环境部署
pip install torch transformers docling_core -i https://mirrors.aliyun.com/pypi/simple/
下载 hf-mirror镜像(默认例子会自动下载)
pip install transformers numpy huggingface_hub -i https://mirrors.aliyun.com/pypi/simple/
export HF_ENDPOINT=https://hf-mirror.com
huggingface-cli download ds4sd/SmolDocling-256M-preview --local-dir SmolDoclin-256M
官方示例 (会自动从huggingface下载模型)
# Prerequisites:
# pip install torch
# pip install docling_core
# pip install transformers
import torch
from docling_core.types.doc import DoclingDocument
from docling_core.types.doc.document import DocTagsDocument
from transformers import AutoProcessor, AutoModelForVision2Seq
from transformers.image_utils import load_image
from pathlib import Path
DEVICE = "cuda" if torch.cuda.is_available() else "cpu"
# Load images
image = load_image("https://upload.wikimedia.org/wikipedia/commons/7/76/GazettedeFrance.jpg")

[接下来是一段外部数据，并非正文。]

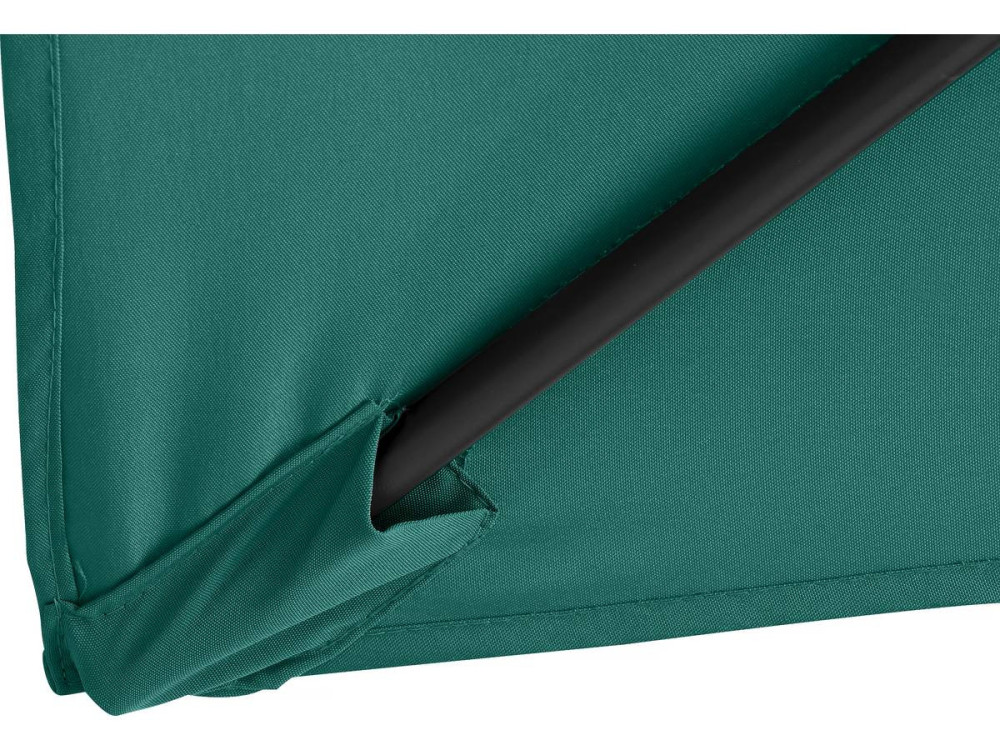 Parasol ogrodowy "Sol 2" - Prostokat - 2 x 3 m - Zielony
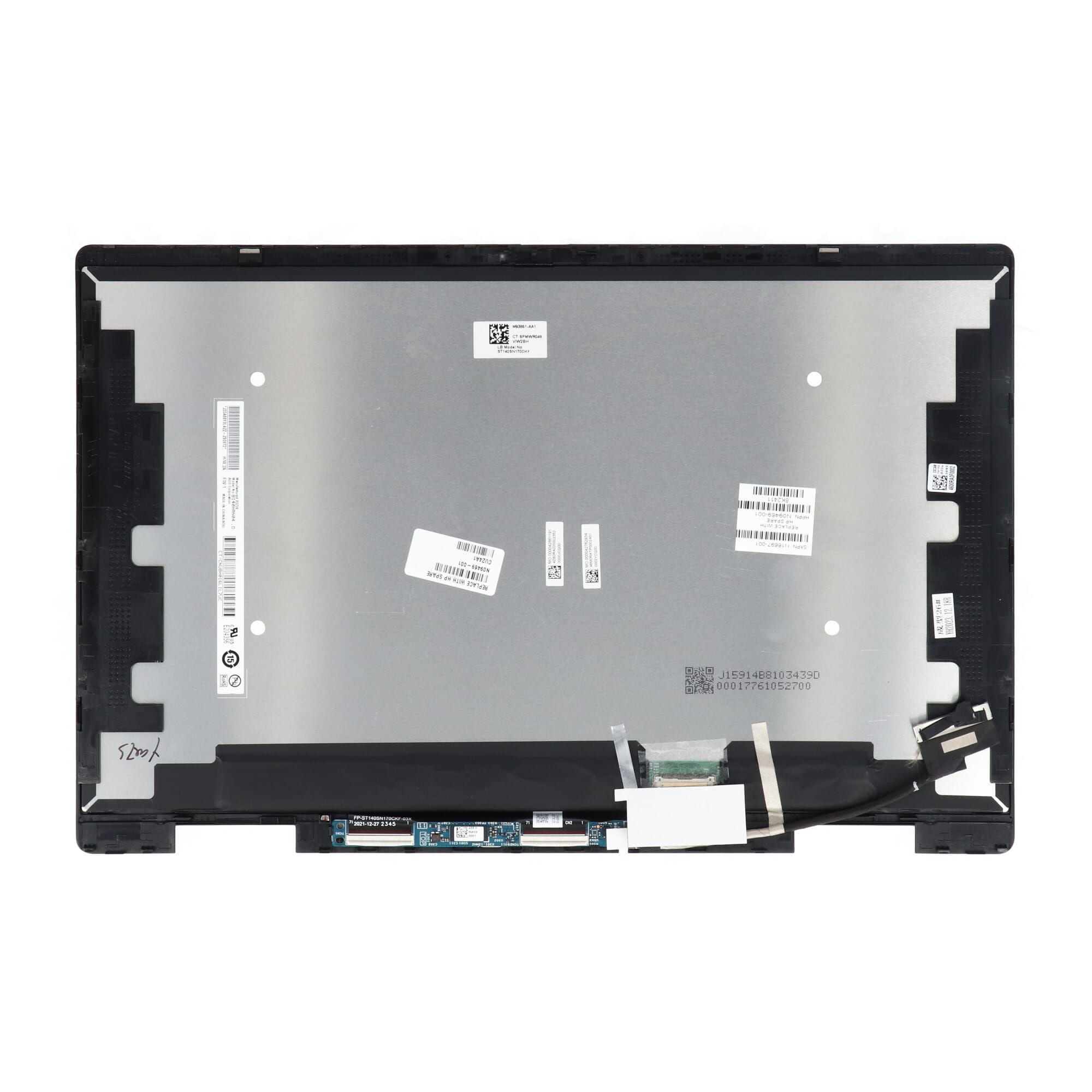 HP PANEL KIT 14 FHD AG 250 DBTS 5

# Initialize processor and model
processor = AutoProcessor.from_pretrained("ds4sd/SmolDocling-256M-preview")
model = AutoModelForVision2Seq.from_pretrained(
"ds4sd/SmolDocling-256M-preview",
torch_dtype=torch.bfloat16,
_attn_implementation="flash_attention_2" if DEVICE == "cuda" else "eager",
).to(DEVICE)
# Create input messages
messages = [
{
"role": "user",
"content": [
{"type": "image"},
{"type": "text", "text": "Convert this page to docling."}
]
},
]
# Prepare inputs
prompt = processor.apply_chat_template(messages, add_generation_prompt=True)
inputs = processor(text=prompt, images=[image], return_tensors="pt")
inputs = inputs.to(DEVICE)
# Generate outputs
generated_ids = model.generate(**inputs, max_new_tokens=8192)
prompt_length = inputs.input_ids.shape[1]
trimmed_generated_ids = generated_ids[:, prompt_length:]
doctags = processor.batch_decode(
trimmed_generated_ids,
skip_special_tokens=False,
)[0].lstrip()
# Populate document
doctags_doc = DocTagsDocument.from_doctags_and_image_pairs([doctags], [image])
print(doctags)
# create a docling document
doc = DoclingDocument(name="Document")
doc.load_from_doctags(doctags_doc)
# export as any format
# HTML
# Path("Out/").mkdir(parents=True, exist_ok=True)
# output_path_html = Path("Out/") / "example.html"
# doc.save_as_html(output_path_html)
# MD
print(doc.export_to_markdown())